Producing this sound was hard on the trumpeter. The trumpeter gripped me tightly by the throat, usually with both hands, and with a firm kiss issued the requisite number of blasts to convey pharaoh’s bidding. This took skill and stamina; in fact, the Greeks later made trumpeting an Olympic sport.
Because I needed to be with Tut wherever he traveled, in peace and in war, I required a wooden insert to protect me from dents and other damage. This body double, called a core or stopper, preserved my shape during the busy nine years of my pharaoh’s reign, and for the 33 centuries since. Painted red, blue and green to appear also as a lotus, this core is removed only when I am called upon to speak for pharaoh. In some Egyptian artwork, the trumpeter can be seen cradling the stopper under his arm while blowing the horn itself. Given my long tubular construction, I am ironically a fragile thing of power—as one of your bumbling modern musicians can personally attest. You will soon learn that after what he did to me, I am lucky to be alive.
Many of you would shudder at all I have seen and signaled. Imagine pharaoh’s palace, filled with people, all answering to my every call. Picture grand processions marshaling under my orders. Contemplate the thunderous ranks of the god-king’s army as it wheeled at my whim. I sounded off at the center of it all, at a time when Egypt was the envy of the world. With me at his side, Tutankhamun restored to pre-eminence the ancestral gods of the Nile after the experiment of his predecessor Akhenaten, who had embraced monotheism. Egypt’s priests and generals found fresh hope in the reign of the boy-pharaoh whose potent voice I was. All seemed well.
Then, in a year now called 1323 BCE, I fell silent alongside my pharaoh. No one knows to this day exactly what illness or injury transformed Tut from living Horus to resurrected Osiris. The news that winter came as a terrible shock, since he had been idolized as the very image of youthful vitality in spite of his limp. Tutankhamun stood 1.7 meters tall, less than three times my own height, but he towered in the minds of his people. He smiled with unusually healthy teeth (a sheneb notices), and he enjoyed an adventurous if abbreviated life. Tut had a great fondness for chariots, and it is still rumored that a violent crash may have injured his left thigh and contributed to his death. No royal tomb was ready to receive him so young, thus attendants piled into a borrowed grave the treasures of this fallen teenager: six of his favorite chariots, eight fine shields, four swords and daggers, 50 bows and other weaponry. They also stacked boxes, beds and model boats. Clothing and cosmetics vied for space next to jewelry and jugs of wine. Even the two tiny mummies of Tut’s stillborn children were stowed inside the tomb. I, along with my brother, joined pharaoh in these cramped quarters—he in the antechamber, but I more prestigiously in the burial chamber, my mouthpiece oriented toward Tut.

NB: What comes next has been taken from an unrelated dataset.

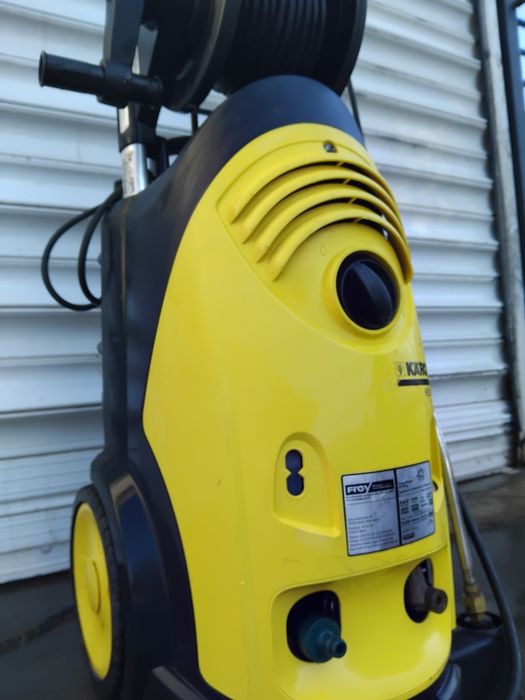 Водоструйка Karcher hd6/16M Profesional 220V 160bar Най Висок клас от мащините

Before taking my place beside the royal sarcophagus, I let skilled artists attire me for the occasion. They added to my gilded bell a design showing the triad of Egyptian deities: Amun-Ra, Ptah, and Ra-Horakhty. These particular gods embodied all the worthies of the vast Egyptian pantheon, perhaps as a final repudiation of Akhenaten’s heresy. They also represented three divisions of pharaoh’s army. Thus, the decoration that altered me from active sheneb to funerary offering had the added benefit of pleasing both the priests and the generals of Tutankhamun’s entourage. This must have been the brilliant idea of old Aye, who buried my pharaoh and soon became the next god-king of Egypt.
Do not imagine, in your modern way, that in that dark abyss I despaired. Along the Nile, the buried stay busy. Tut the eternal teenager lived on; I could hear his bird-like ba (soul/ personality) come and go as it pleased, its flight unhindered by the eight meters of rock above us. Sometimes, I sensed tremors as workmen nearby chiseled out more tombs, followed by the faint trudge of feet as funeral followed funeral in the Valley of the Kings. I now know that a tomb begun by Ramses v crossed directly over Tut’s and continued 116 meters into the rock, angling over the tomb of Horemheb (whom I knew as one of Tut’s generals) and eventually crashing into the tunnels of yet another grave! It was like a gigantic ant farm.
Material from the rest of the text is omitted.